Problem details:
Among the entries below, find the line with "본문 이미지 - 이상민" and the line with "property at 27-29 Commonwealth Ave". Return exactly those lines and every line between them, but no pictures.
*** Material for this exercise ***
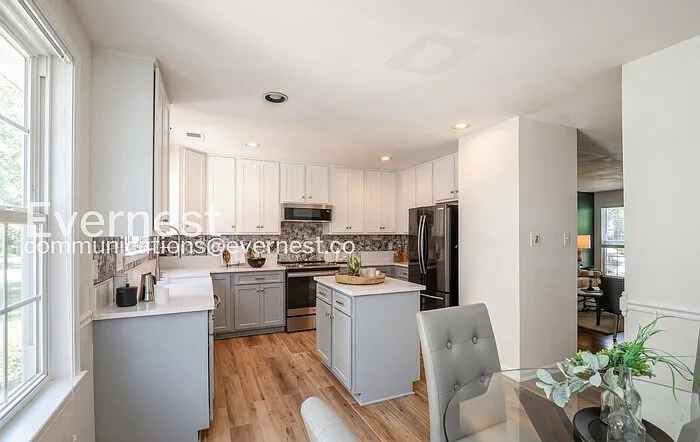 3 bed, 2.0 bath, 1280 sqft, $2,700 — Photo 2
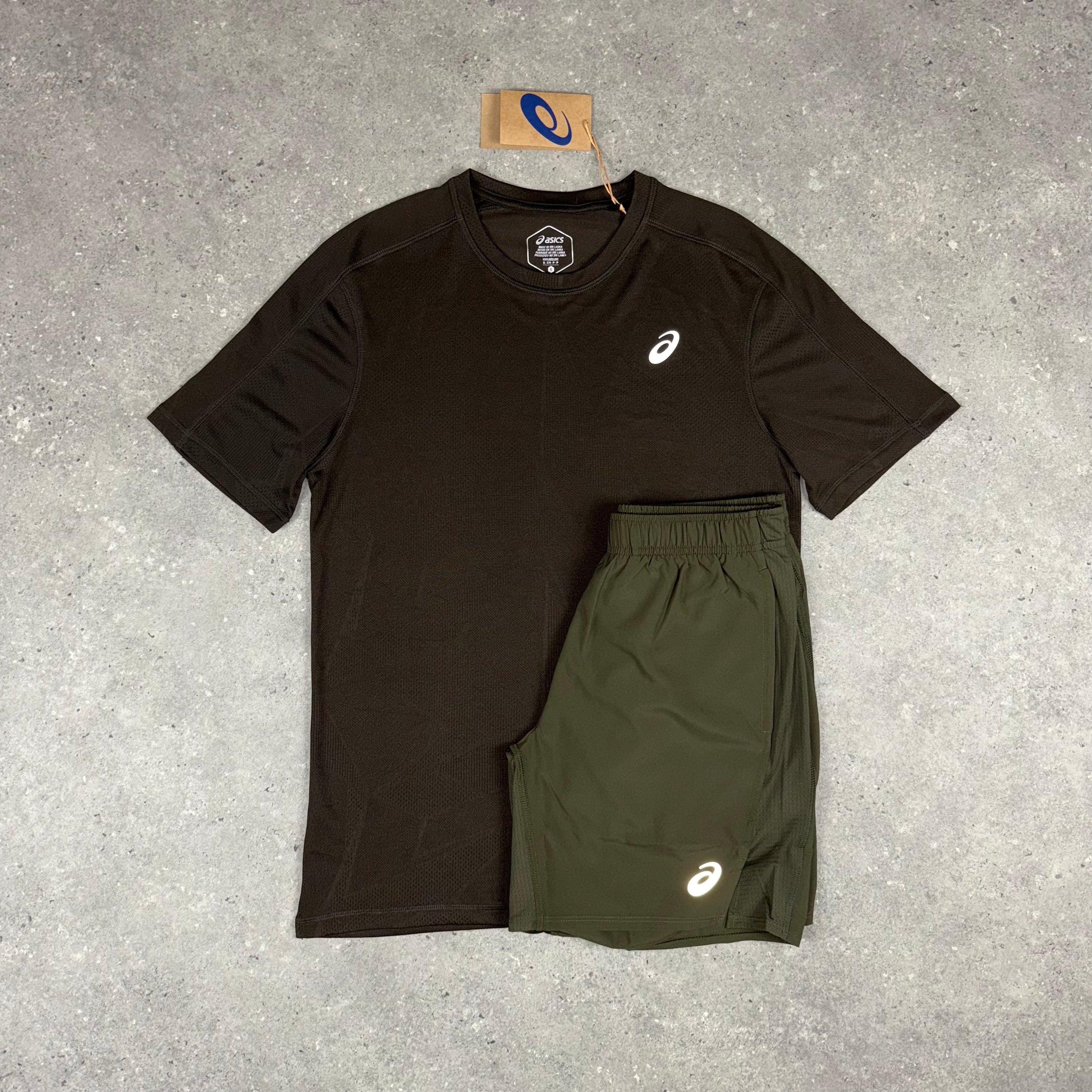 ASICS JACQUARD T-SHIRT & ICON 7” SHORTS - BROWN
*** End of Material for this exercise ***
*** Material for this exercise ***
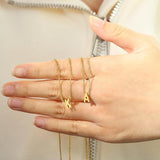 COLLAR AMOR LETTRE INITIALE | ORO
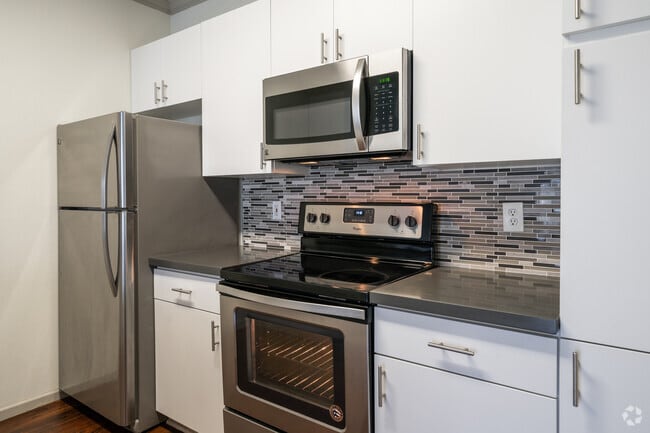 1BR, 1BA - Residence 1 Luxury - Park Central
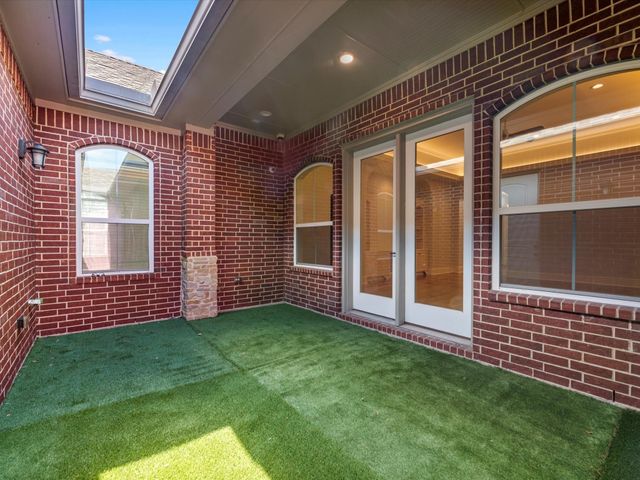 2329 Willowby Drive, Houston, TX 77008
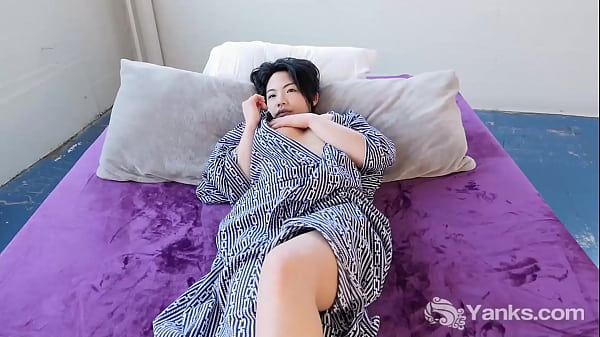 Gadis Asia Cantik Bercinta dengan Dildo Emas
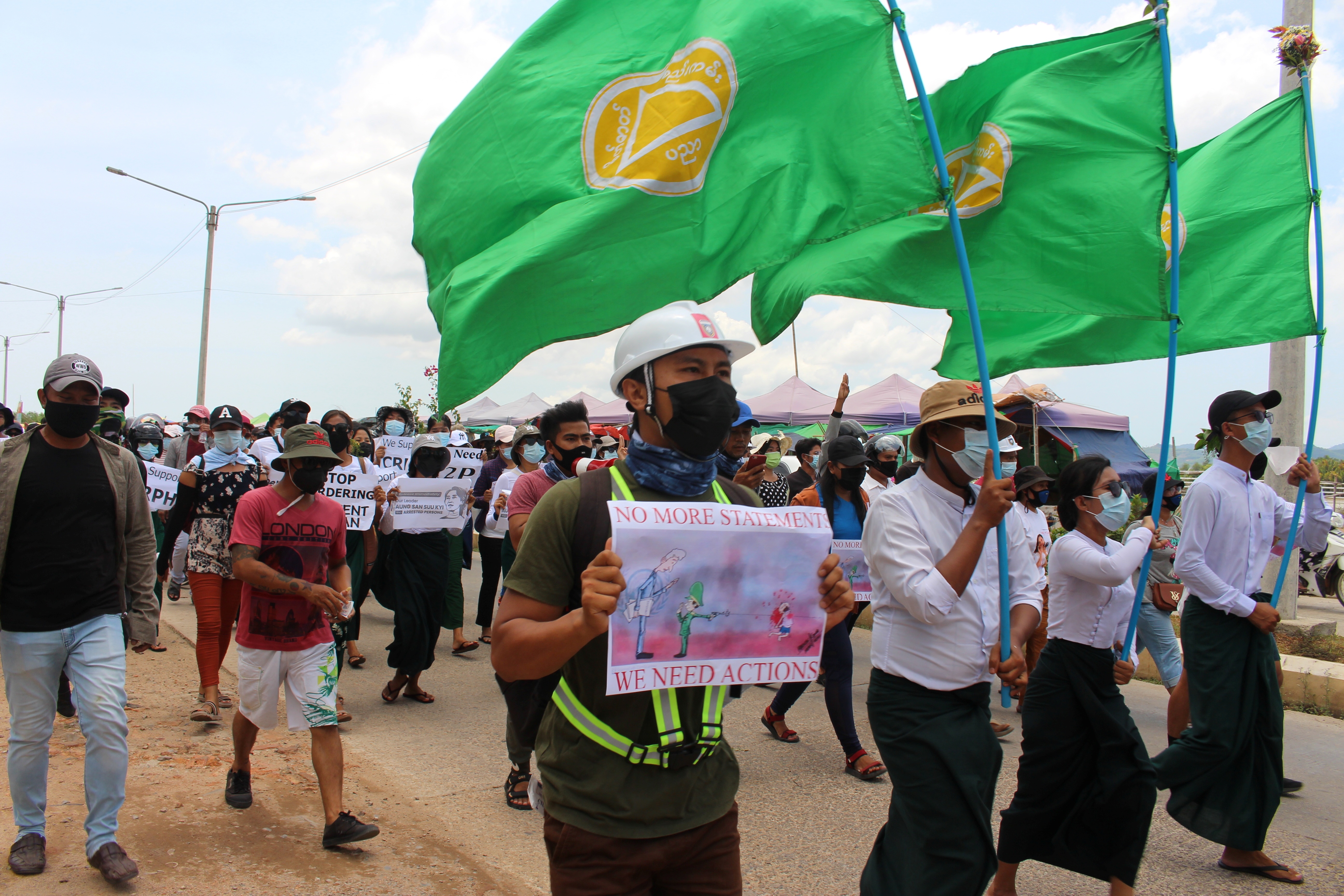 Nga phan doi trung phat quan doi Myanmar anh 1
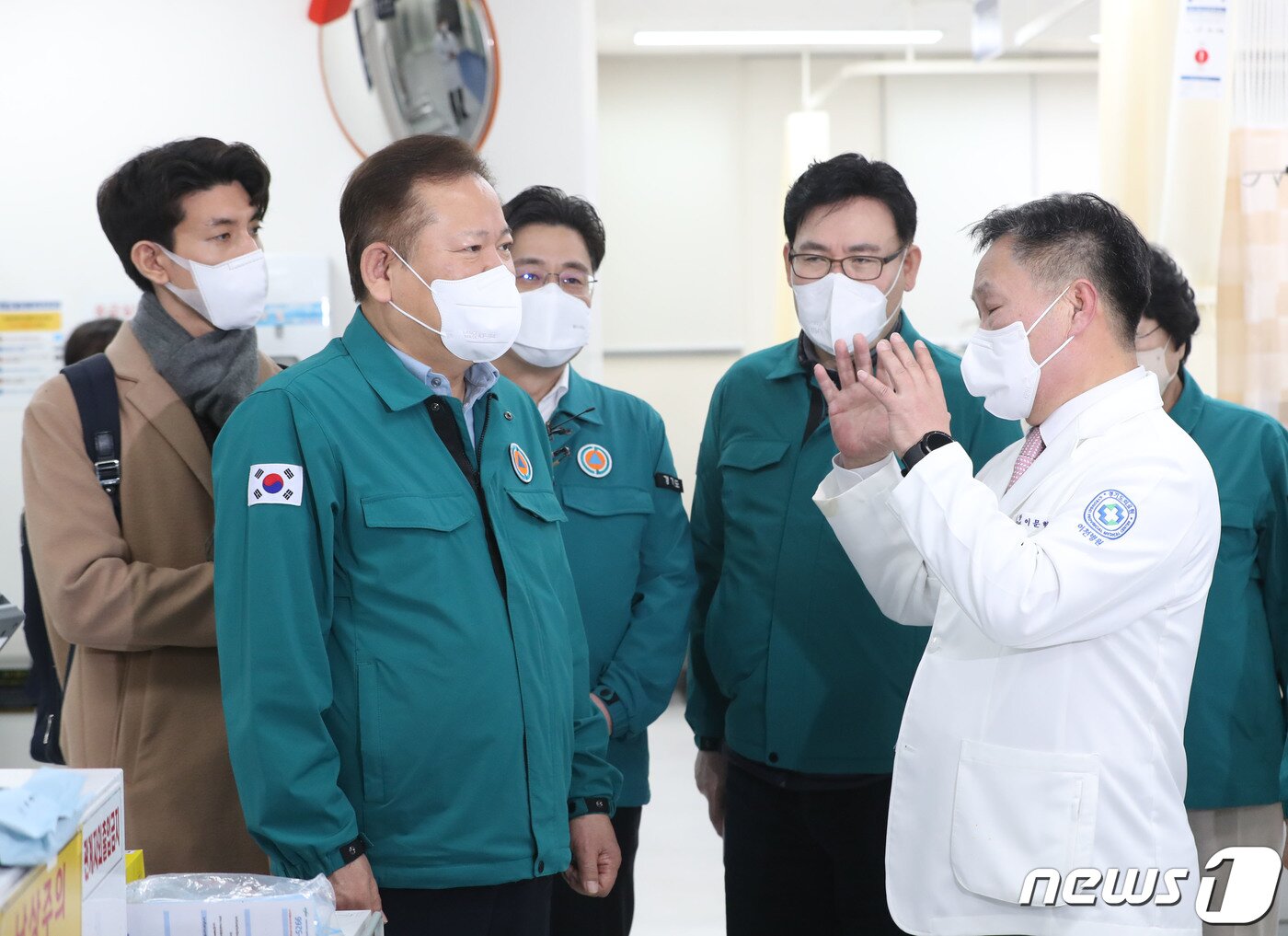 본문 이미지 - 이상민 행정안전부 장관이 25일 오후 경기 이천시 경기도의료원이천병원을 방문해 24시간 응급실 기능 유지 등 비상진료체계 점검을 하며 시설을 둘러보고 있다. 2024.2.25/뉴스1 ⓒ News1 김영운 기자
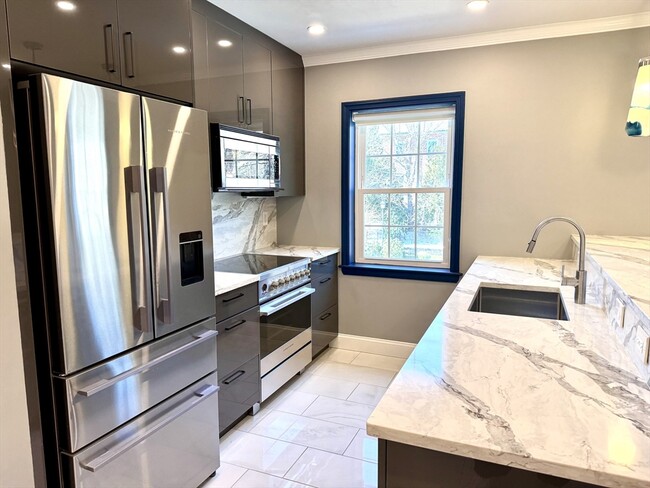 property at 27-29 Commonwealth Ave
*** End of Material for this exercise ***
Expected answer:
 본문 이미지 - 이상민 행정안전부 장관이 25일 오후 경기 이천시 경기도의료원이천병원을 방문해 24시간 응급실 기능 유지 등 비상진료체계 점검을 하며 시설을 둘러보고 있다. 2024.2.25/뉴스1 ⓒ News1 김영운 기자
 property at 27-29 Commonwealth Ave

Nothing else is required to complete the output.